The funded status of the model pension plan tracked by Sibson Consulting and Segal Marco Advisors rose two percentage points to 93% during the second quarter of the year. The firms attributed the result to a flat asset return combined with a 3% decrease in liabilities, which was due to an increase in high-quality corporate yields.
Returns for equity asset classes were mixed during the quarter, while global bonds performed poorly, according to Sibson and Segal Marco. Domestic stocks were the model pension plan’s top-performing asset class, recording positive returns each month of the quarter. US stocks outperformed both developed international stocks and emerging market stocks, as international stock sectors took a hit during the quarter because of the appreciating US dollar.
“Domestic stocks were the lone bright spot,” David Palmerino, vice president at Segal Marco Advisors, said in a release. “FOMC increased the target range for the Federal Funds Rate to 2%, its second increase this year, but the move was largely telegraphed and had no dramatic impact on bond prices.”
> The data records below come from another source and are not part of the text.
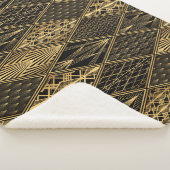 Art Deco Zwart Goud Elegantie Sherpa Deken (3/4)
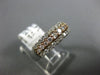 ESTATE WIDE .81CT DIAMOND 14K WHITE & ROSE GOLD 3 ROW CLASSIC ANNIVERSARY RING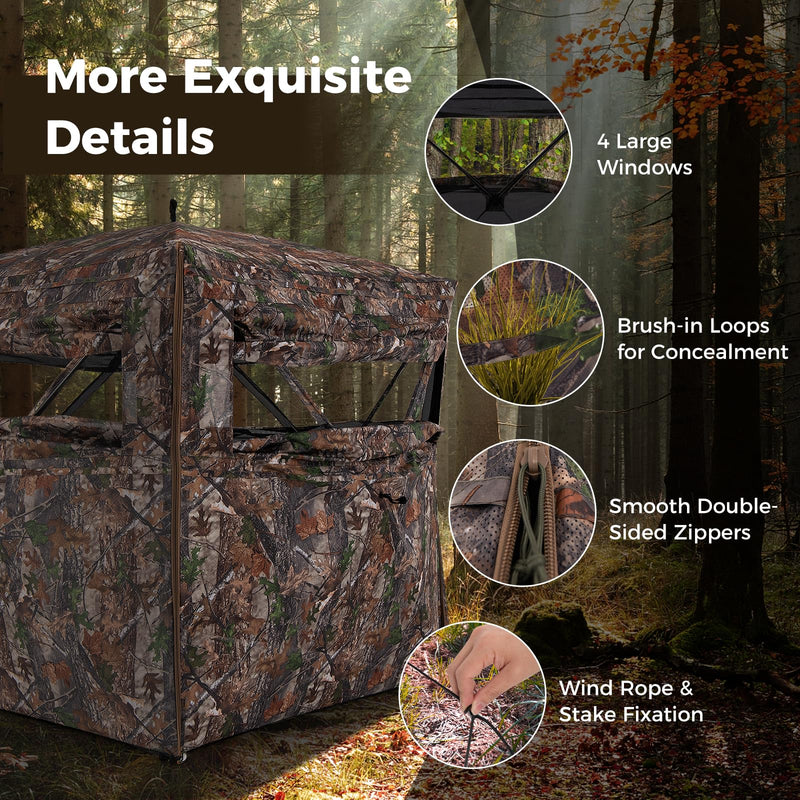 Load image into Gallery viewer, Goplus 360 Degree One-Way See-Through Hunting Blind, Camouflage Hunting Tent w/Full-Open Door, Carrying Bag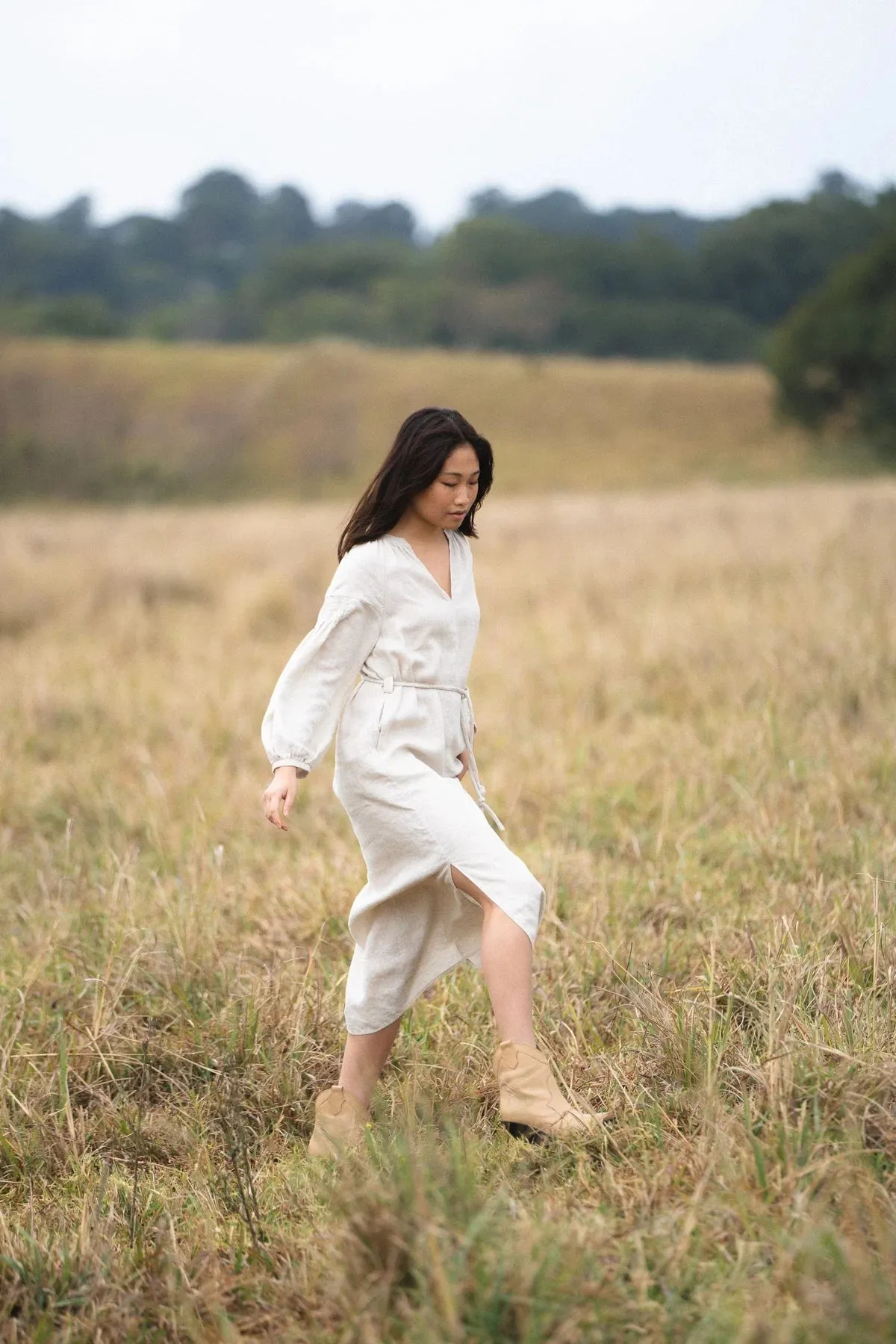 Skylar Linen Dress - Oatmeal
Among US stocks, small cap equities outperformed large caps during the quarter, while growth outpaced value for a sixth straight quarter. Fixed-income returns were split by geography as domestic bonds were modestly positive. Although the Federal Reserve increased the target range for the Federal Funds Rate to 1.75% to 2.00% there was no noticeable effect on domestic bond prices. International bonds, however, fell behind mainly because of a strengthening dollar. For the model plan, Sibson and Segal Marco said these aspects of investment performance contributed to the 0.05% gain in asset value during the quarter.
There was also a 3% decrease in the model pension plan’s liability due to a rise in yield-curve levels. The firms said that any change in the shape of the yield curve could have a dissimilar impact on liabilities for plans with different maturities. Yield increases were relatively consistent across maturities during the quarter, causing the overall shape to remain similar to the previous quarter, which the companies described as an upward sloping yield curve that peaks around 20 years and then levels off.